Dayton Democracy Fellow David Bodary knows good communication when he hears it. After all, he has taught in the Department of Communication Studies at Sinclair College for more than 20 years and is now its chair. But he is not only interested in dialogue; it is also his passion to encourage the other half of the exchange: listening. He sees both as critical to democracy.
Bodary grew up outside of Detroit, Michigan. He specializes in teaching public speaking, a required course for several majors at the college. He also coauthored a textbook on that subject, which he helped rewrite. For many years, Bodary has had an interest in invitational rhetoric, a popular subject with students.
“There’s something between informing and persuading,” he said. “It’s this idea of inviting, which involves listening, asking good questions, and facilitating dialogue to reach a shared understanding. That is essentially what communication is, right?”

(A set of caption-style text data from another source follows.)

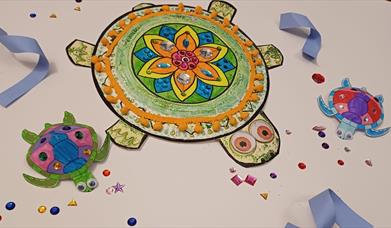 Three colourful decorated paper turtles with gems, googly eyes, and pom-poms on a white background scattered with craft jewels.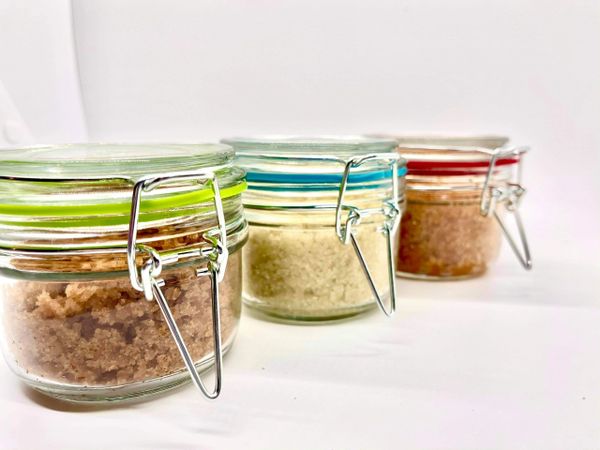 A group of jars filled with different types of food.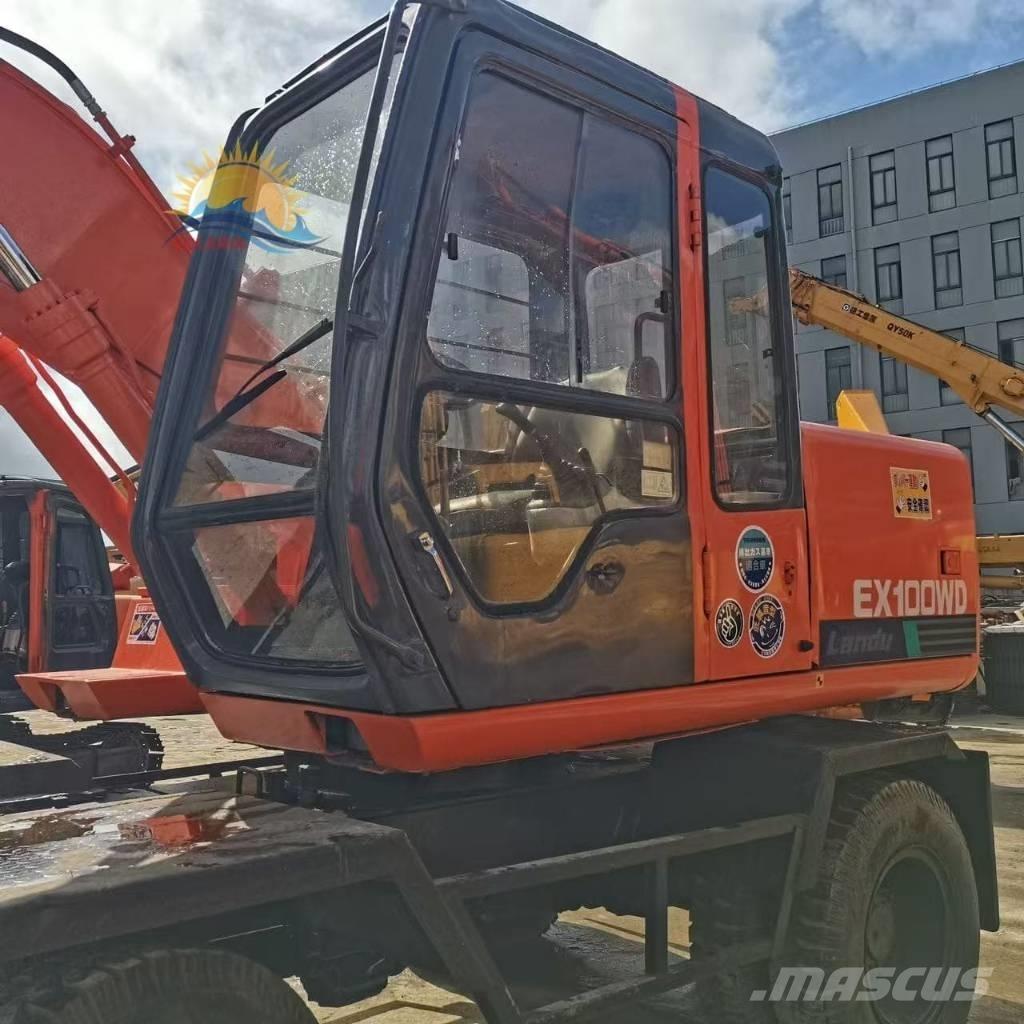 Hitachi EX 100 W D حفارات بعجل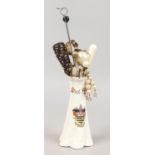 A crested china hat pin holder and collection of vintage hat pins including simulated pearl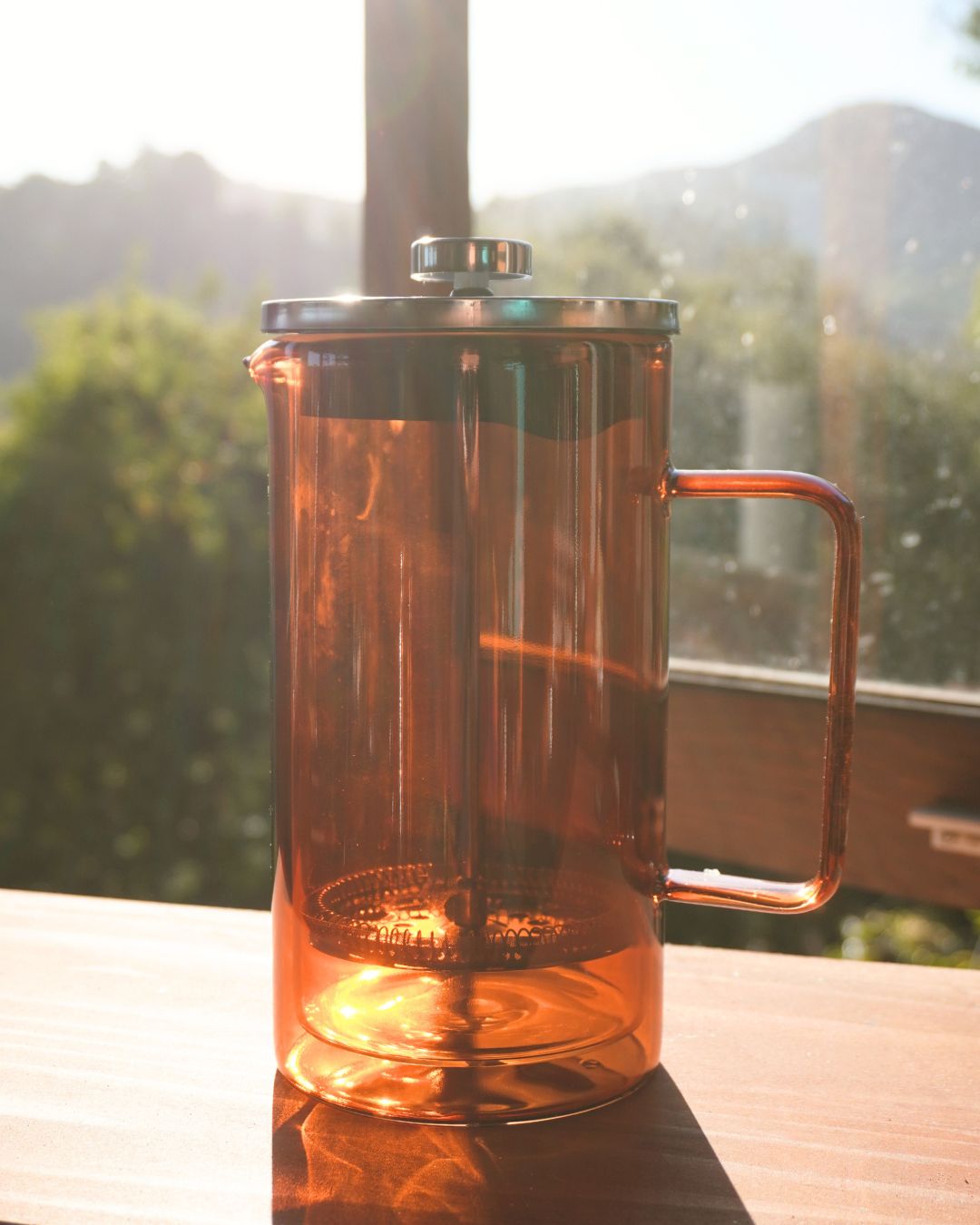 Glass French press coffee maker with stainless steel plunger on a sunlit kitchen table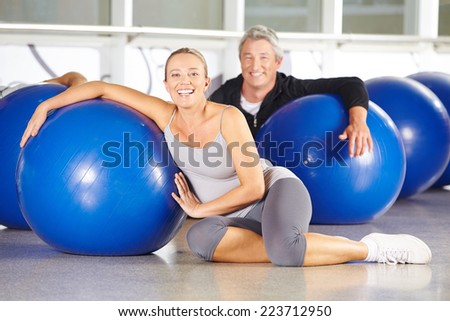 Two happy senior people sitting in gym with exercise ball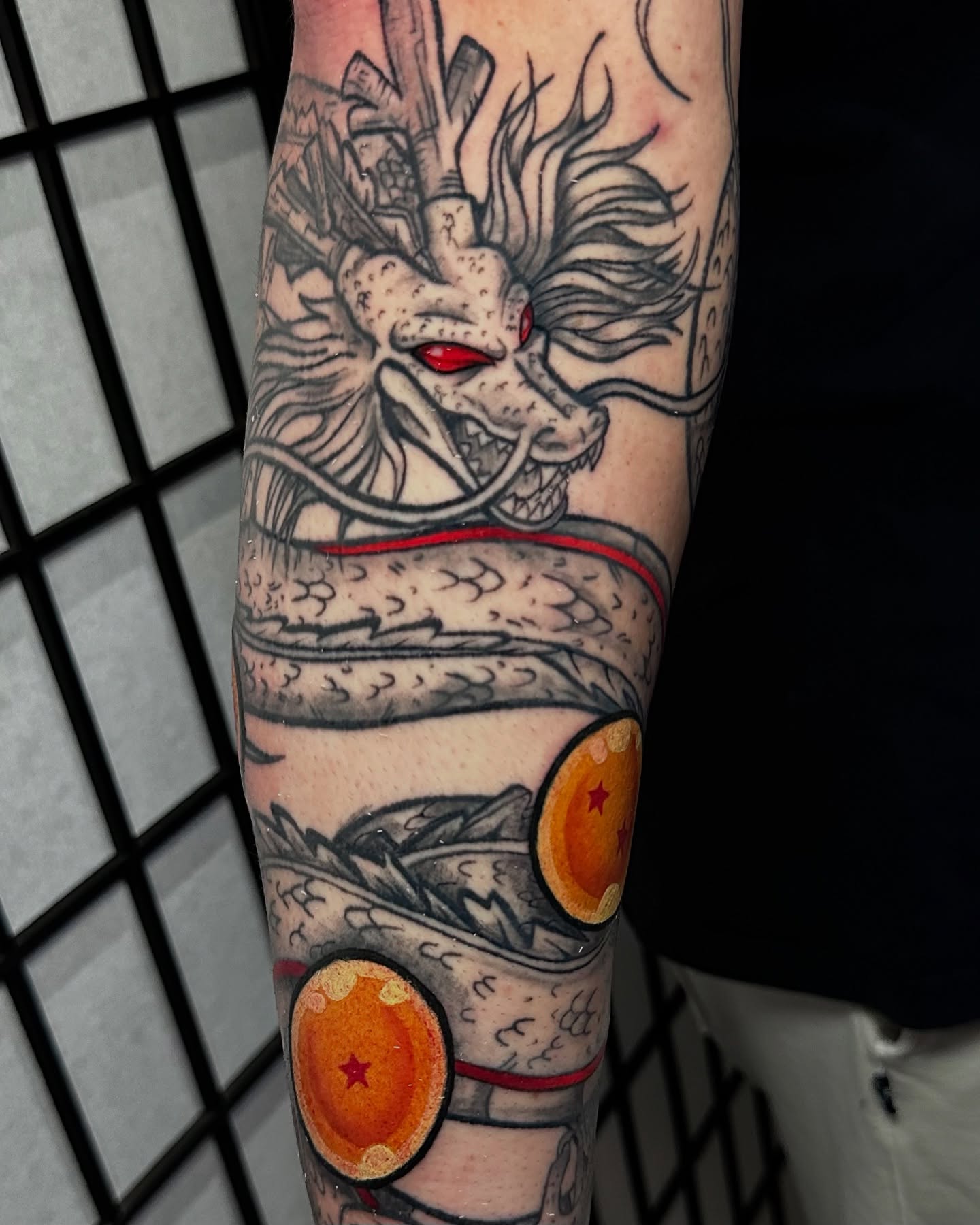 Dragon and dragon balls American traditional tattoo on the forearm by Taylin Johnson- Illustrative Blackwork, Columbus, Ohio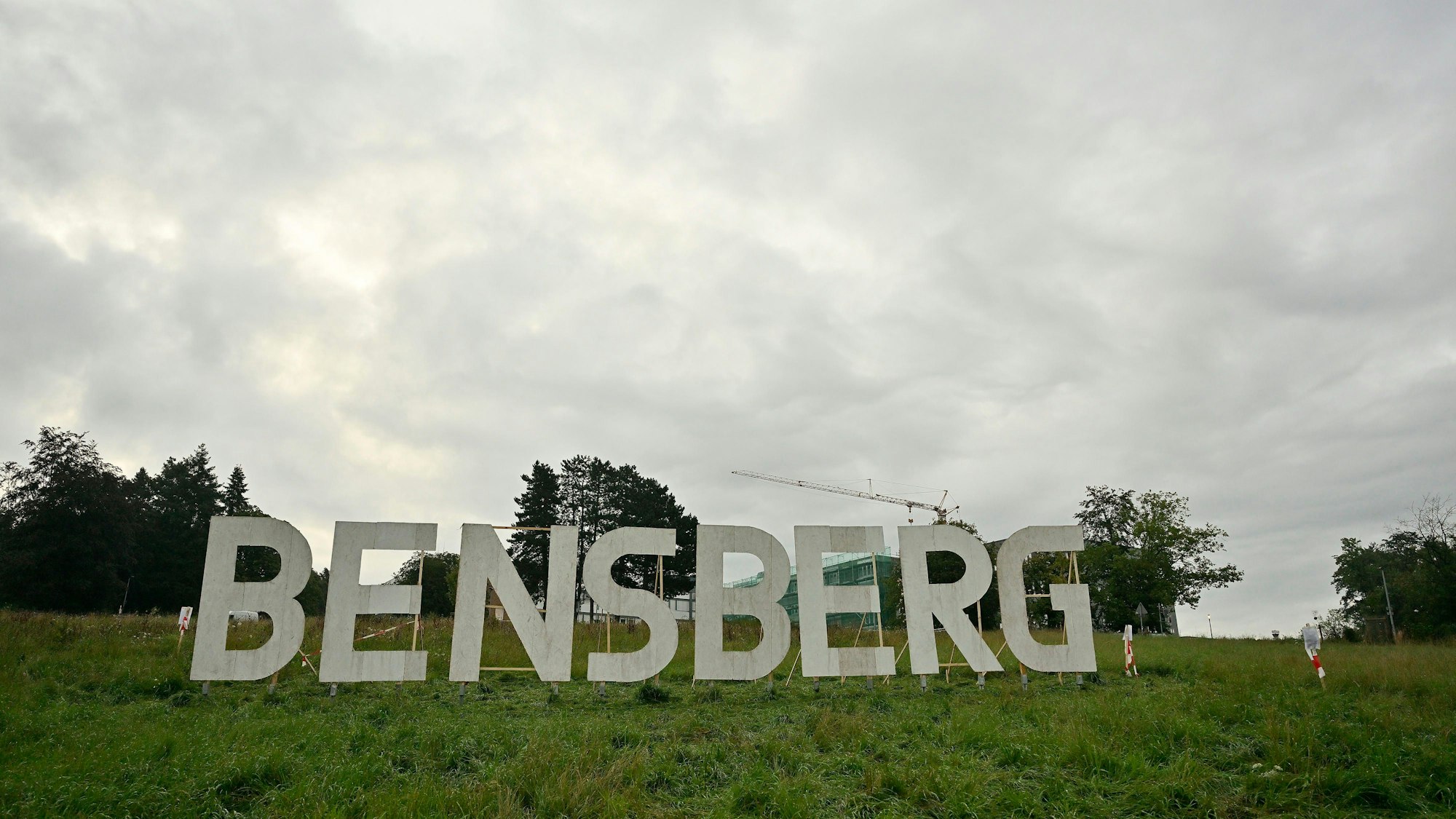 Die riesigen acht Großbuchstaben BENSBERG sind weiß angemalt und stehen auf der Kuppe der Wiese des Stadtgartens unterhalb des Vinzenz-Pallotti-Hospitals.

Bodary believes his approach is critical to helping students learn the skills of civic engagement. Students in his classes prepare speeches on public issues that allow for an understanding of multiple perspectives. “If I understand better why people believe what they believe, I can make a better informed choice on what is best for our community because it is our community, not my community. To some extent, democracy hinges on our ability to have these civil conversations that lead to a deeper understanding,” Bodary said.
His many volunteer activities bear out his conviction that everyone has a role in strengthening community. He volunteers with the League of Women Voters of the Greater Dayton Area and has served on its executive board. Bodary and the League host a monthly cable show on DATV, Empowering YOU!, to help viewers understand civic issues and highlight ways people can get involved. He has been known to bring entire classes to register to vote.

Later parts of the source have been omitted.